La Política al servicio del Bien Común

 La Política al servicio del Bien Común

Para hablar de política y bien común, nunca como ahora, es necesario volver a reflexionar sobre la información conciliar, que representa la síntesis moderna más esclarecedora en la materia: me refiero a la doctrina expresada en la Gaudium et Spes. El texto conciliar es no sólo un importante documento en la historia bimilenaria de la Iglesia, de atención a la realidad temporal, sino también un punto de referencia de la más viva actualidad, con sus contenidos de fondo y su metodología, válido también para un relanzamiento del magisterio social. En efecto, el Vaticano II, como opinan diferentes y autorizados teólogos e historiadores ha sido un Concilio que ha querido marcar un nuevo principio (Karl Rahner) para todas las actividades de la Iglesia católica, incluida la actividad en el mundo.

La comunidad política realiza su bien bajo la condición de que:

  1. Los ciudadanos y políticos  sean enseñados a vivir virtuosamente, a partir de la virtud de la justicia y de la amistad social.
  2. Se busque y se proyecte la constitución mejor, es decir, el mejor orden administrativo, con el mejor sistema legislativo. Educación y empeño legislativo deben insertarse en un contexto de una continua reflexión filosófica, o sea, de un constante discernimiento y de una frecuente verificación del camino recorrido.
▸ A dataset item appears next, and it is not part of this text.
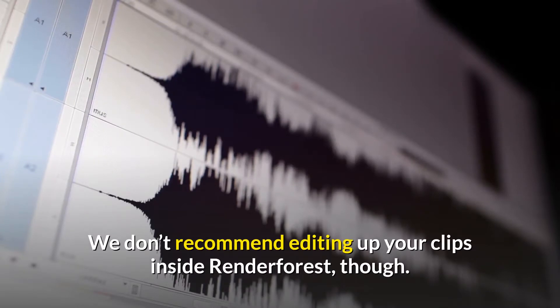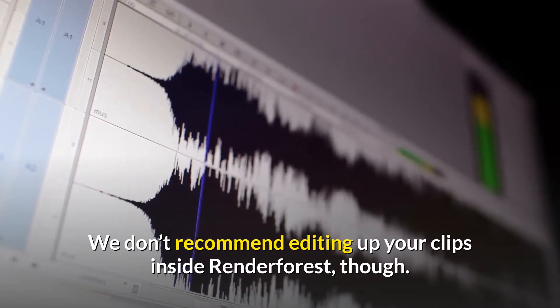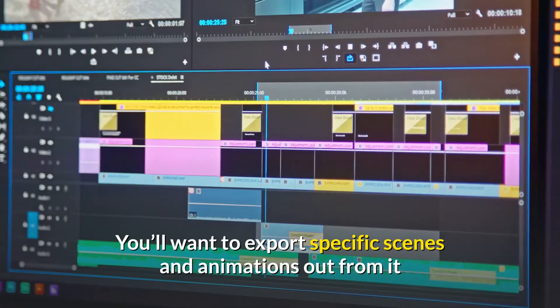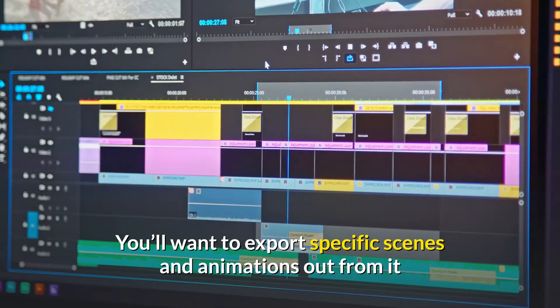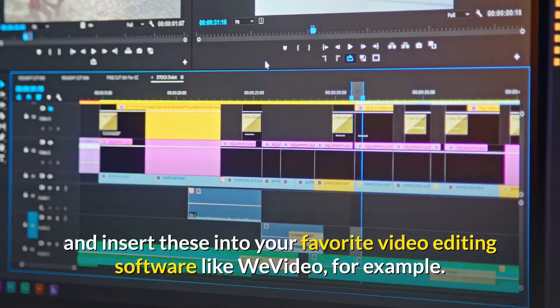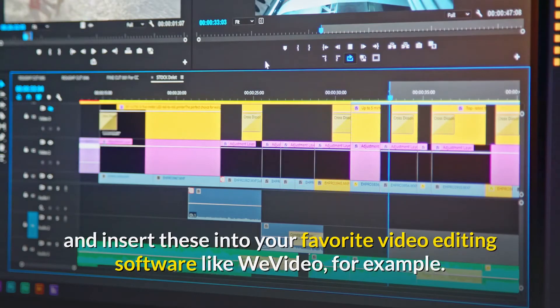We don't recommend editing up your clips inside Renderforest though. You'll want to export specific scenes and animations out from it and insert these into your favorite video editing software, like WeVideo for example.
En efecto, la esencia de la política puede ponerse en práctica sólo aproximadamente.Diríamos en lenguaje moderno: la política no es una ciencia exacta, no está hecha de dogmas, sino que es un continuo indagar sobre las cosas bellas y justas, que poseen tanta variedad y mutabilidad. Diría Aristóteles: la política es un continuo intento de ponerlas en práctica en lo concreto de la vida de una comunidad.

La relación entre comunidad política, autoridad y bien pertenece también, con diversos fundamentos y finalidades, a la tradición cristiana. Las referencias son muchísimas; me detengo solamente en la lección paulina en la que se afirma que la autoridad  es para tu bien (soi eis tò agathôn). Toda persona, toda comunidad, todo poder proviene de Dios y se vive según su querer. Pero Dios es el bien sumo, por lo cual, todo lo que vine de Él es bien y es para el bien. De esto encontramos miles de testimonios, ya sea en el orden de la creación, ya en el de la Redención, llevada a cabo por Cristo Jesús. Tampoco aquí se quiere decir de ninguna manera que, una vez establecido, una comunidad política va a realizar automáticamente el bien. La historia bíblica conoce diversas infidelidades a este mandato divino, ya sea por el poder ejercido en la comunidad de fe, ya sea en el ejercitado en el ambiente laico. Como en el contexto griego, la comunidad, su poder respectivo serán auténticos solamente en la medida en que todos, líder y seguidores, sean justos, es decir, fieles al querer divino y dispuestos al servicio fraterno.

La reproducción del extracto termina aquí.